Invece, proprio la dimensione di adattamento costante dell’uomo alla montagna e alle sue caratteristiche è ciò che rende la vita nelle terre alte speciale, preziosa, certamente più scomoda che in città ma per questo anche più importante e di valore: è esattamente quello che lo stesso Consigliere Zamperini ha sostenuto in un altro passaggio del suo intervento a Casargo citato nel vostro articolo, quando ha affermato che «preservare la montagna significa tutelare l’ambiente e mantenere in vita un’economia, una società e una cultura rurale millenaria». Ecco, guarda caso questa è un’ottima definizione per spiegare cosa significhi che l’uomo debba adattarsi alla natura montana e mantenere equilibrata la sua presenza in essa: è proprio ciò che i nostri montanari hanno fatto per secoli, è la realtà dalla quale è scaturita la cultura rurale millenaria che oggi cerchiamo di tutelare rispetto all’omologazione consumistica imperante nonché, a ben vedere, è uno degli elementi sui quali si fonda l’identità culturale contemporanea delle montagne. Soprattutto rispetto ai territori metropolitani iper urbanizzati, proprio quelli dove l’uomo ha adattato così estesamente il territorio alle proprie esigenze e alle attività antropiche da provocarne spesso un degrado diffuso e a volte profondo (lo stesso che poi fa affollare le località montane di cittadini in cerca di qualche ora d’aria buona e di mente libera).
Vogliamo che la montagna assomigli anche in questo alla città? Non credo proprio sia il caso, dunque non è ammissibile – non per qualsivoglia ideologia ma proprio per sensibilità politica e culturale – che si possa ragionare in montagna attraverso modelli di antropizzazione mutuati da realtà del tutto diverse e per questo potenzialmente pericolosi.
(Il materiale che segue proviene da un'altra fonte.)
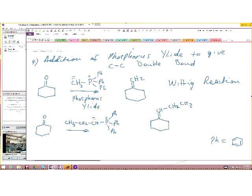Welcome back again. We are going to continue our discussion of nucleophilic addition to carbonyl compounds of ketones and aldehydes. When we left, we were discussing the addition of phosphorus ylide to give a carbon-carbon double bond. Let us continue with that.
Che è poi, per tornare all’altro “elemento” discusso a Casargo citato da Zamperini, il motivo per il quale la presenza del lupo oggi è problematica e si fatica non solo a trovare strategie efficaci ma pure a dialogare sul tema senza cadere in parteggiamenti e strumentalizzazioni ideologiche, che finiscono per rendere cronico il problema piuttosto di alleviarne il portato.
In ogni caso, ribadisco, il Consigliere Zamperini si è rivelato in altre occasioni ben più apprezzabile nelle parole pubblicamente spese su cose di montagna, e posso pensare che l’infelice uscita di Casargo sia stata soltanto una boutade malamente influenzata dalle circostanze del momento o per altri motivi poco meditata mentre in futuro le sue considerazioni sulla realtà presente e futura delle nostre montagne potranno essere più ponderate e provvidenziali per chiunque abbia a cuore le terre alte.